WHAT IS NEEDED: Transcribe exactly the lines from the one containing "Inspirational Unisex Heavy" through the end of the data, both included. Leave out pictures.

[[ EXERCISE INPUTS, beginning ]]

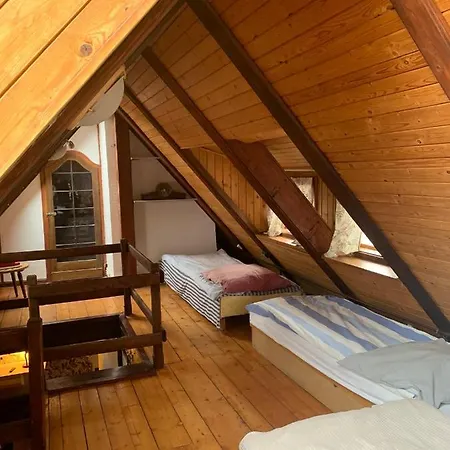 Szamanowka Guest house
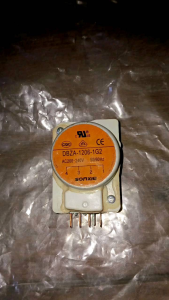 ไทม์เมอร์ตู้เย็น นาฬิกาตู้เย็น โนฟรอสใช้งานได้กับรุ่น hitachi/ singer/Sanyo เบอร์ตรง​TIMER ตู้เย็น DBZ-804-1G2#TIMER ตู้เย็น DBZ-804-1G2#TIMER ตู้เย็น DBZ-804-1G2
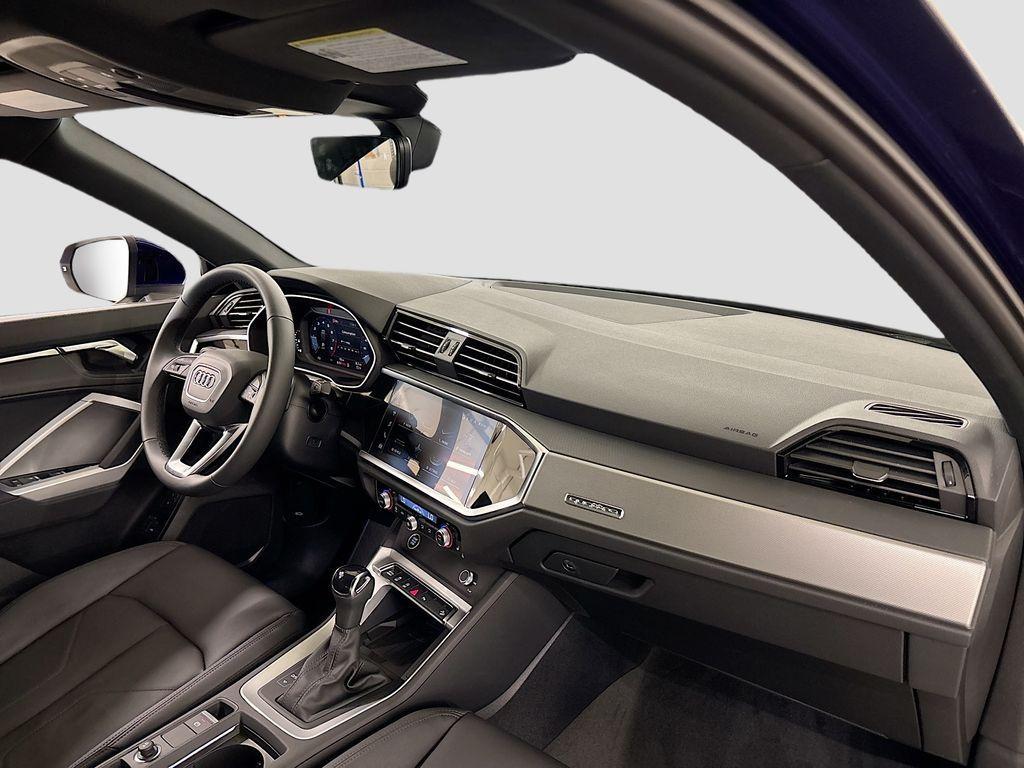new 2025 Audi Q3 car, priced at $41,650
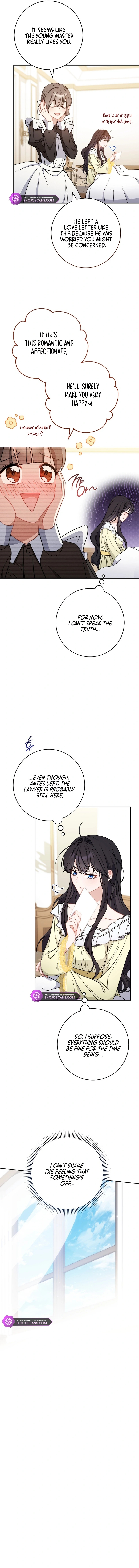 The Male Lead? I Don’t Want Him Chapter 23 65 9
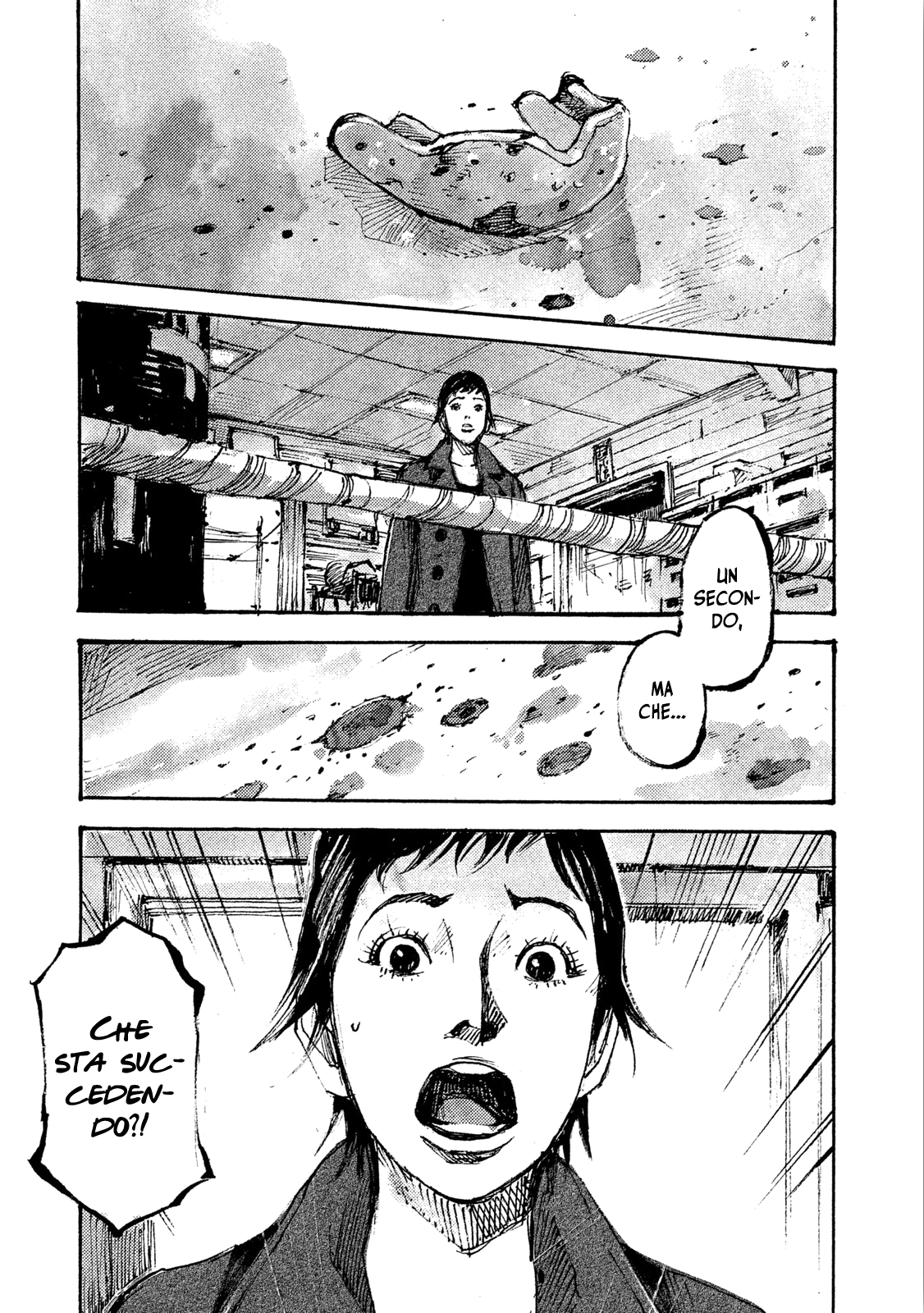 Read Black Box Manga Online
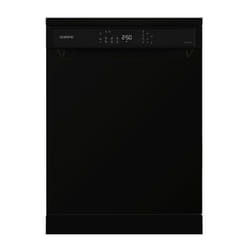 Oceanic - Lave-vaisselle pose libre OCEALV1247B - 12 couverts - 47 dB noir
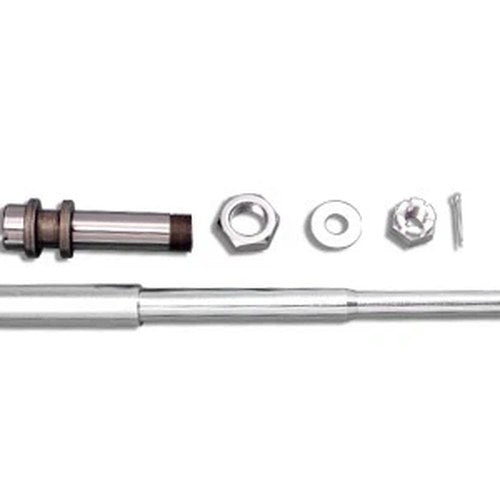 Front Axle Kit Zinc for Harley-Davidson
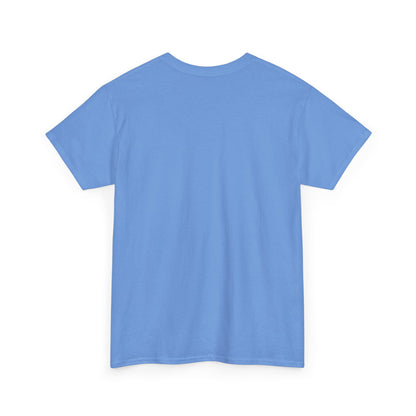 Inspirational Unisex Heavy Cotton Tee - 'I Love A Man With Rhythm'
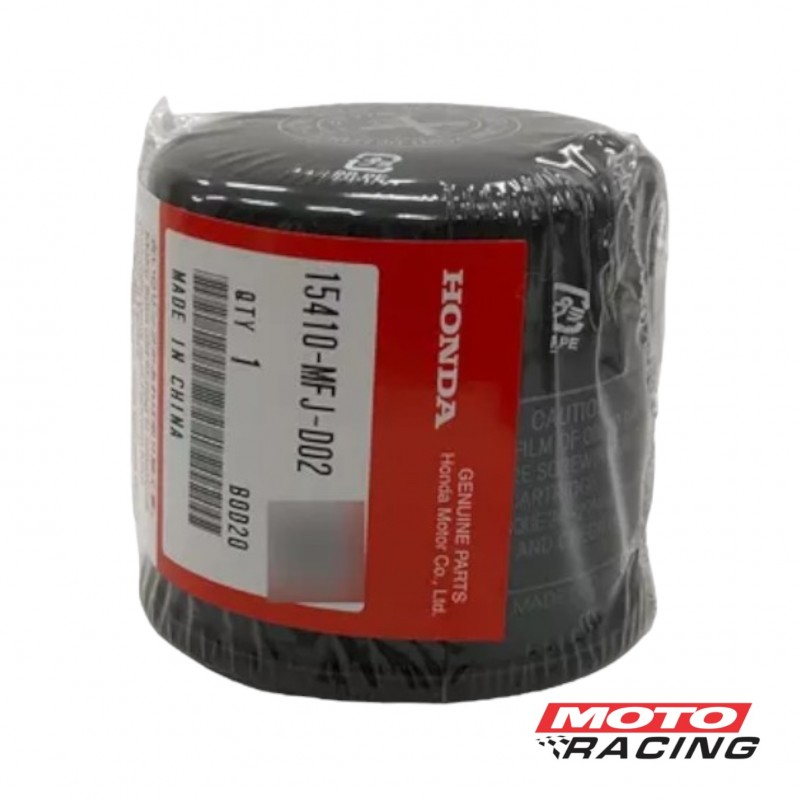 FILTRO ACEITE HONDA CBR 600-  CBR 1000 RR 03- 15 (ORIGINAL)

[[ EXERCISE INPUTS, end ]]

WRITTEN SOLUTION:
 Inspirational Unisex Heavy Cotton Tee - 'I Love A Man With Rhythm'
 FILTRO ACEITE HONDA CBR 600-  CBR 1000 RR 03- 15 (ORIGINAL)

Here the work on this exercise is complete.